Vector databases, one of the cutting-edge AI technologies, are a core component in the RAG pipeline. Opting for a more mature and advanced vector database, such as Milvus, extends the capabilities of your RAG pipeline from answer generation to tasks like classification, structured data extraction, and handling intricate PDF documents. Such multifaceted enhancements contribute to the adaptability of RAG systems across a broader spectrum of application use cases.

Conclusion: RAG Remains a Linchpin for the Sustained Success of AI Applications. 

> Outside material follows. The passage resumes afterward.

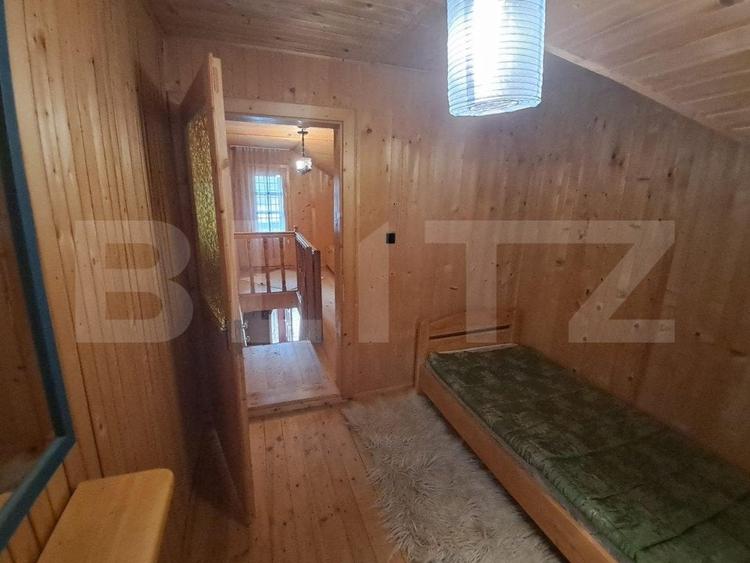 Casă individuală cu 4 camere cu Teren 240 Mp în Central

LLMs are reshaping the world, but they cannot change our world’s fundamental principles. The separation of computation, memory, and external storage has existed since the inception of the von Neumann architecture in 1945. However, even with single-machine memory reaching the terabyte level today, SATA and flash disks still play crucial roles in different application use cases. This demonstrates the resilience of established paradigms in the face of technological evolution.

The RAG framework is still a linchpin for the sustained success of AI applications. Its provision of long-term memory for LLMs proves indispensable for developers seeking an optimal balance between query quality and cost-effectiveness. In deploying generative AI by large enterprises, RAG is a critical tool for cost control without compromising response quality.

Just like large memory developments cannot kick out hard drives, the role of RAG, coupled with its supporting technologies, remains integral and adaptive. It is poised to endure and coexist within the ever-evolving landscape of AI applications. 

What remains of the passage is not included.